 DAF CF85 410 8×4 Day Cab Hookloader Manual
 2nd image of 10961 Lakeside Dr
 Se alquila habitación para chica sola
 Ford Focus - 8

* * *

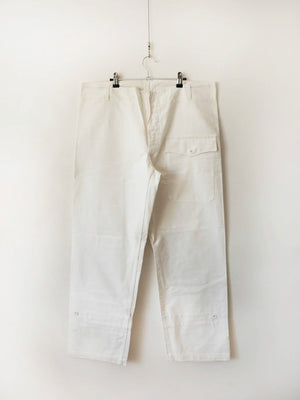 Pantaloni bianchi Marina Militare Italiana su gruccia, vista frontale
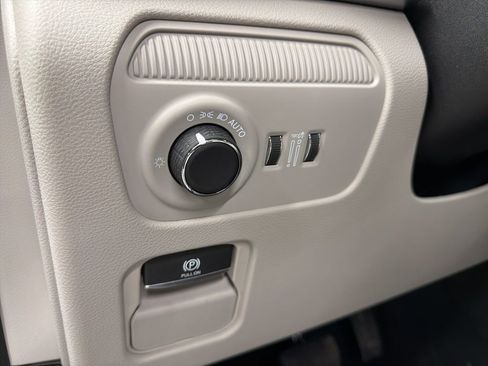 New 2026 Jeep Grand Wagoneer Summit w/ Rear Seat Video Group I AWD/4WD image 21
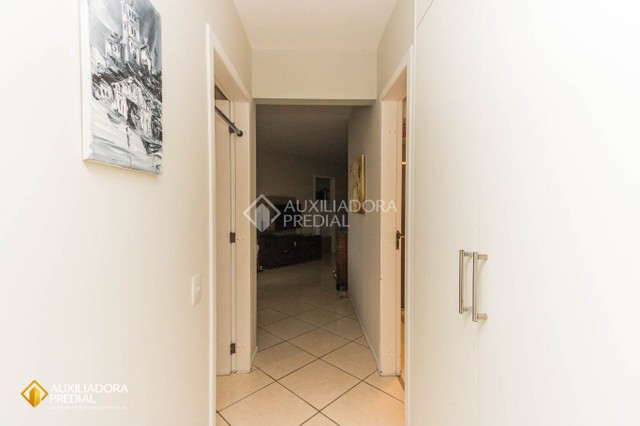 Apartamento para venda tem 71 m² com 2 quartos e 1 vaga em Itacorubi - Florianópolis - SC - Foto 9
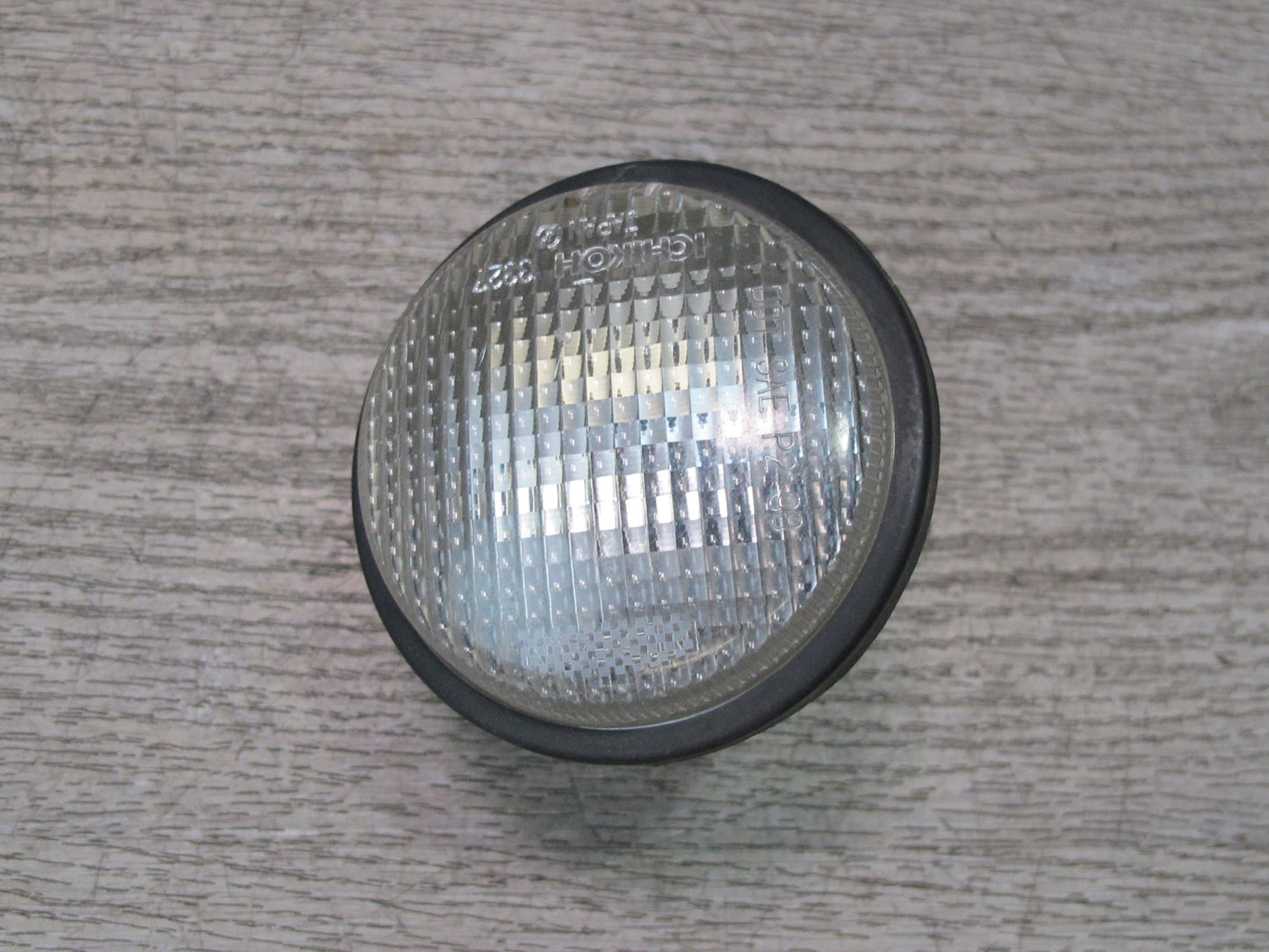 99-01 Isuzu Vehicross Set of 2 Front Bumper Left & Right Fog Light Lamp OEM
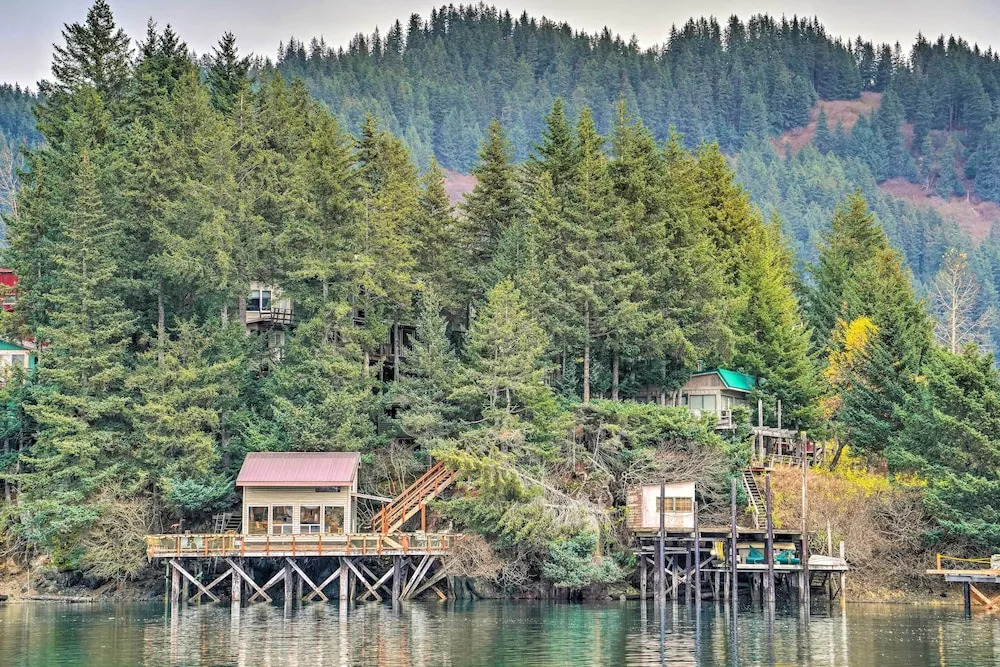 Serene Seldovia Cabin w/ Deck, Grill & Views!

...

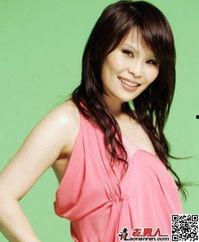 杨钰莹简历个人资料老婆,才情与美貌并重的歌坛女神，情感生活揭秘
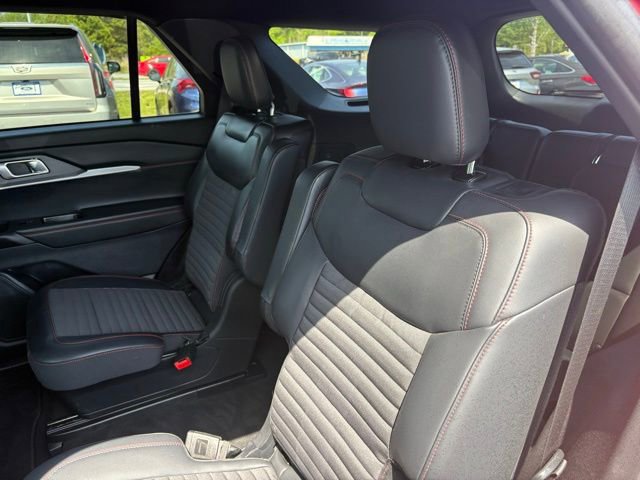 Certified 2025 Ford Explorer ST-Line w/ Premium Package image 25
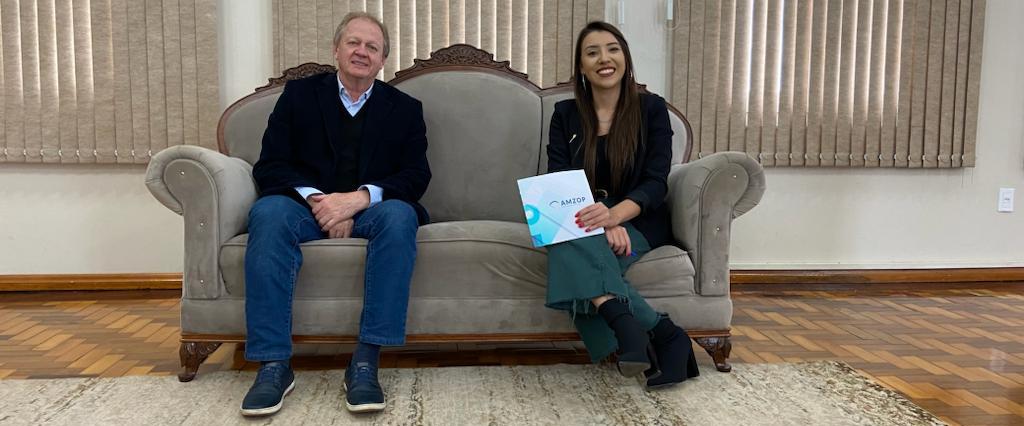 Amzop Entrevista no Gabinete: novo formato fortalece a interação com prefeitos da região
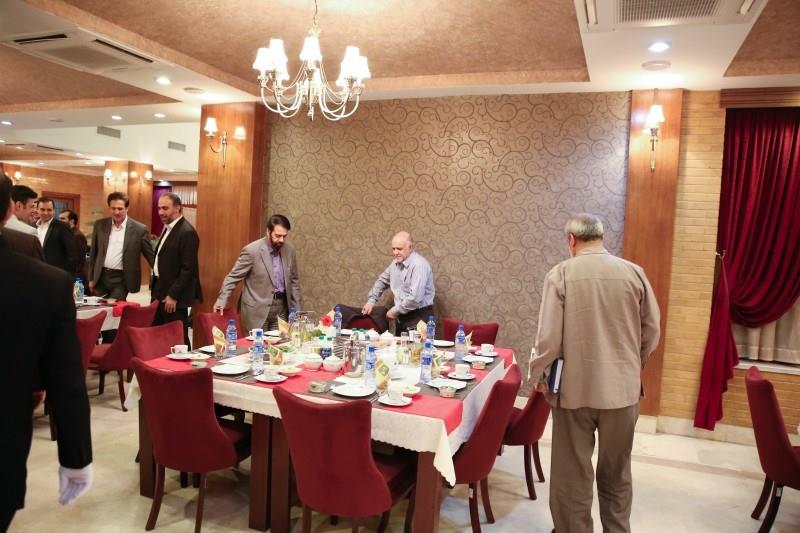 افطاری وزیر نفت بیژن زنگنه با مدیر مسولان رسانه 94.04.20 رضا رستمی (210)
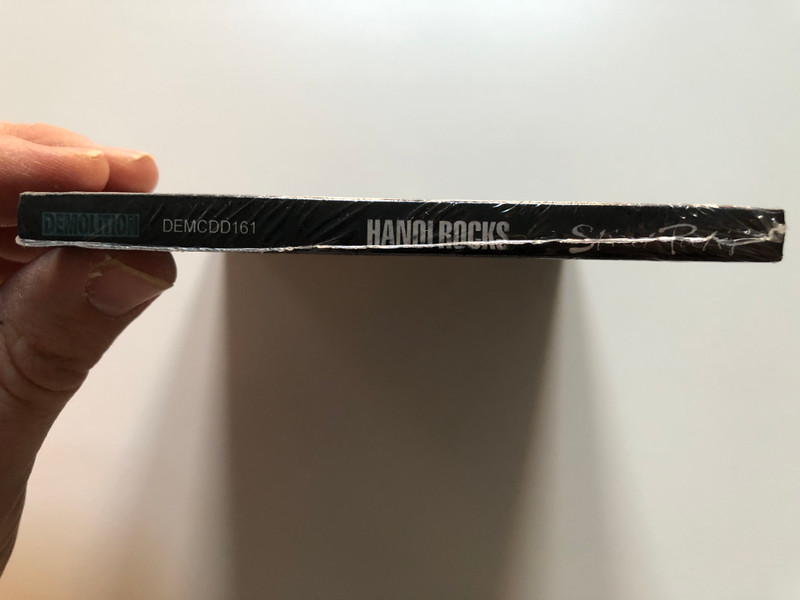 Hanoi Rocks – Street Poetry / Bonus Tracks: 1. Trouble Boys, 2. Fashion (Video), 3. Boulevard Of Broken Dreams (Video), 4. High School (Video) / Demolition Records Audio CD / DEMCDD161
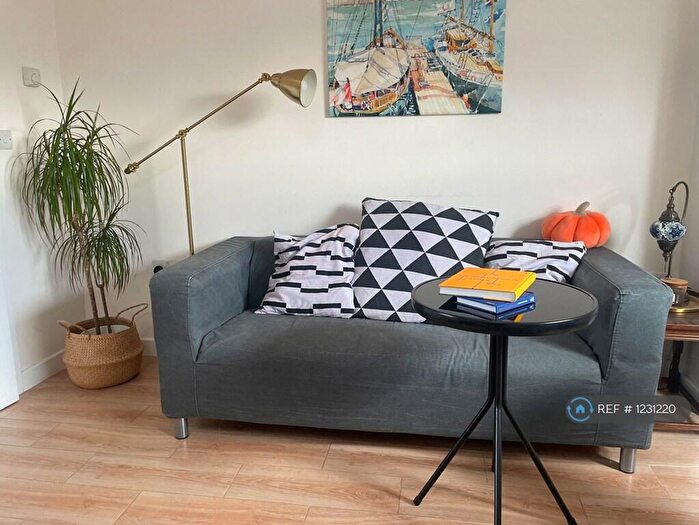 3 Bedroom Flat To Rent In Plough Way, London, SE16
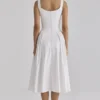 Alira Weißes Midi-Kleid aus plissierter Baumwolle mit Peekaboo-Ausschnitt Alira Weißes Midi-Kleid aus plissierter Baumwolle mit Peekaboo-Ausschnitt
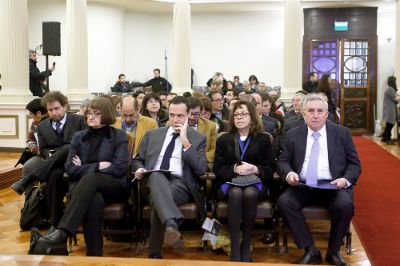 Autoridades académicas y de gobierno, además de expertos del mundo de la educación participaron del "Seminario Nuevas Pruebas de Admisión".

→ **Your instructions**
From the listing above, return the lines starting at the one with "DAF CF85 410 8×4 Day Cab Hookloader Manual" and ending at the one with "Ford Focus - 8", both kept, exactly as they appear and nothing more.

→ **Exercise response**
 DAF CF85 410 8×4 Day Cab Hookloader Manual
 2nd image of 10961 Lakeside Dr
 Se alquila habitación para chica sola
 Ford Focus - 8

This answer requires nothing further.